| TASK |
For each line below that includes the word "Image", make a copy.

| SUPPLIED MATERIAL |
┌──

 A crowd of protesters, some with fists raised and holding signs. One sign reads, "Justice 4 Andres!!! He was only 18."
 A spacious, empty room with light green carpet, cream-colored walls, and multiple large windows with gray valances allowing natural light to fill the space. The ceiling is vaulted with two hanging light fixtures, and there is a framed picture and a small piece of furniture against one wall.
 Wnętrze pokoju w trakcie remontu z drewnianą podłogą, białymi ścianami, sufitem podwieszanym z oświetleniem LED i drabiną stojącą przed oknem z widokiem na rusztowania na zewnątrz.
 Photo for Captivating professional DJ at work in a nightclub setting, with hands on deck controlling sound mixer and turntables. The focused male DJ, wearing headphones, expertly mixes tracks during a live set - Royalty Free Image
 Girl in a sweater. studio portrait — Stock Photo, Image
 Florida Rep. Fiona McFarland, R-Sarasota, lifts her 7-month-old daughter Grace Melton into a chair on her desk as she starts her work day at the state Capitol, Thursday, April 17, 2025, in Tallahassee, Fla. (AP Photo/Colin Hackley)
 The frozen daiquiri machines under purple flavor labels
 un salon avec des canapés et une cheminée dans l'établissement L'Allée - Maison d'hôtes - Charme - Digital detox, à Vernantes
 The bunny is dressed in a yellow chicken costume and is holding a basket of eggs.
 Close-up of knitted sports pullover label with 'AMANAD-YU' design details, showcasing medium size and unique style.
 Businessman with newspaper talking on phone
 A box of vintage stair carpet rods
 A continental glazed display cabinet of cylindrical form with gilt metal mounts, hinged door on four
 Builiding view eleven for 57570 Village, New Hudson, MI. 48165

└──

| ANSWER TO THIS PROBLEM |
 Photo for Captivating professional DJ at work in a nightclub setting, with hands on deck controlling sound mixer and turntables. The focused male DJ, wearing headphones, expertly mixes tracks during a live set - Royalty Free Image
 Girl in a sweater. studio portrait — Stock Photo, Image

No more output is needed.